On our first full day in Budapest we went on a free walking tour to get a feel for everything.
We enjoyed the architecture and we walked from Pest across the chain bridge to Buda.
The Hungarians call the river Duna in their language, Magyar.
Overlooking the famous chain bridge and the river is hilly Buda. Atop Buda Castle Hill is the castle, St. Matthias church, and more. Perching at the forefront is the turul, a mythical Magyar/Hungarian bird of pray.
Modern-day Hungary was populated by Germanic and/or Celtic peoples. The Romans conquered and invaded, leaving behind ruins of bath houses. Attila the Hun swept through, all the way from Mongolia. Various Germanic and Slavic tribes conquered and intermingled afterward, and it wasn’t until the Magyars showed up from the Ural mountains around 830 that the land had is present-day dwellers. The Hungarians (called Magyar in their own language) are possibly Finno-Ugric, possibly Kazakh, possibly Turkic in origin. Whatever they are, it wasn’t Slav, Germanic, or Bulgar. That much we know.
Anyway, the Magyar traditional story is that the turul once swooped down and picked up their tribal leader’s sword and flew away with it. The Hungarians gave chase, all the way from Asia into Europe. The turul dropped the sword on the Hungarian plains, and that is why the Magyars decided to stay there.

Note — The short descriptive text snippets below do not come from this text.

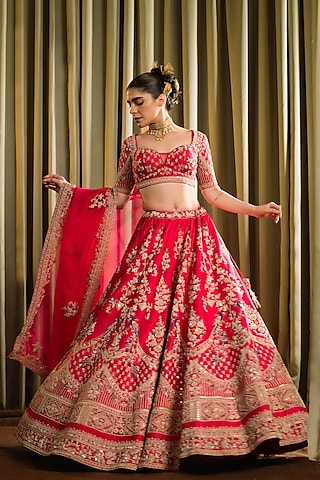 Red Raw Silk Dabka Handwork Lehenga Set by Pallavi Poddar (India)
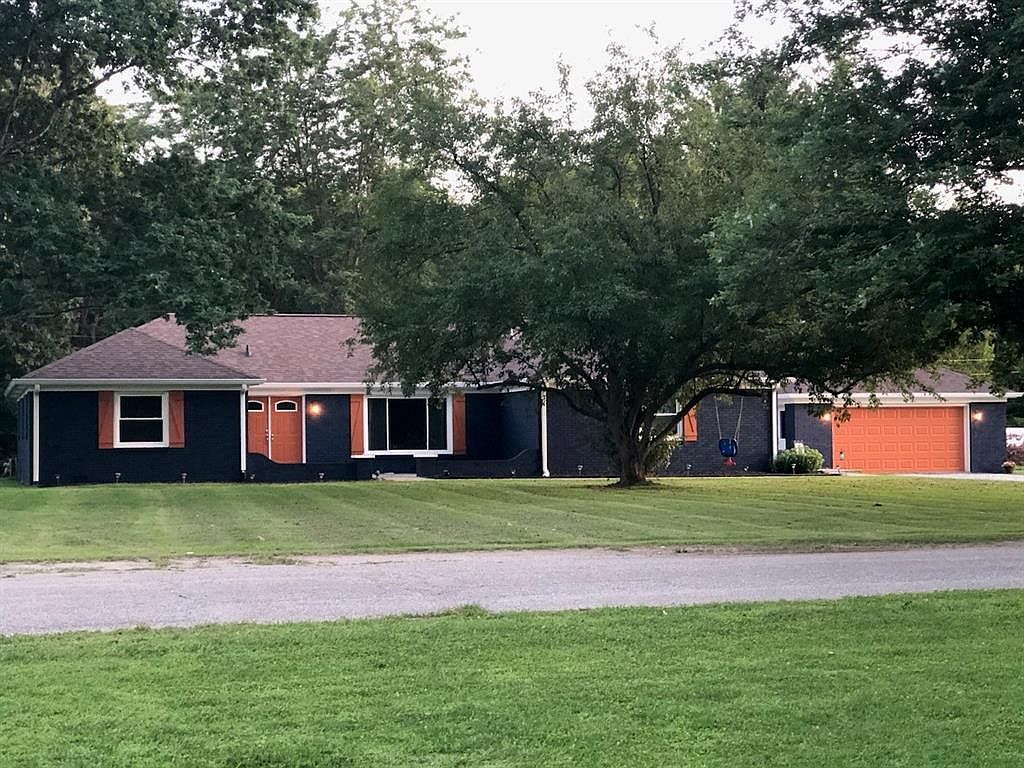 809 W South Dr, Knightstown, IN 46148 Zillow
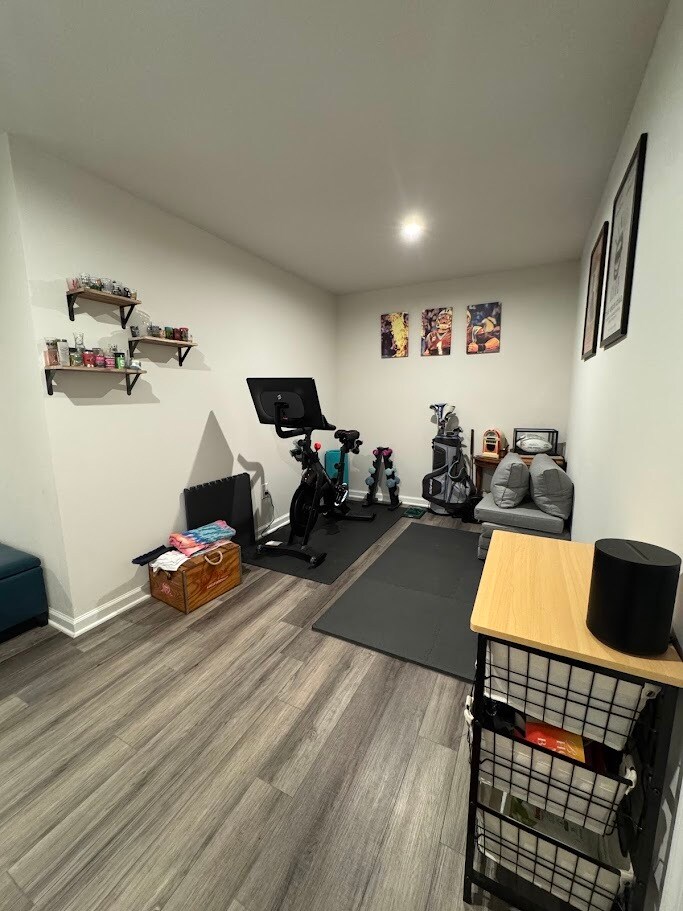 Building Photo - 6042 Cutwater Cir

This church, named after St. Matthias, was originally founded by St. King Stephen sometime around 1030. Destroyed by the Mongol/Tatar invasion of 1241, it was rebuilt several times over the next few hundred years. It was only named after King Matthias in the 19th century. Matthias was one of the last great Hungarian kings, ruling in the 14th century.
Near the church is a famous statue of King Stephen. Just behind the statue and the church is the Fishermen’s Bastion, so named because the fisherman guild probably defended this part of the city wall.
Almost directly opposite the Duna (or Danube) is the Hungarian parliament building. It is exactly the same height as St. Stephen’s Basilica, to show that neither church nor state controls the other, but that they live in harmony together. During the Soviet occupation they built a 4-meter star and put it atop the parliament spire, just to prove a point. It’s gone now, as soon as the Iron Curtain fell, it was taken off their building forever.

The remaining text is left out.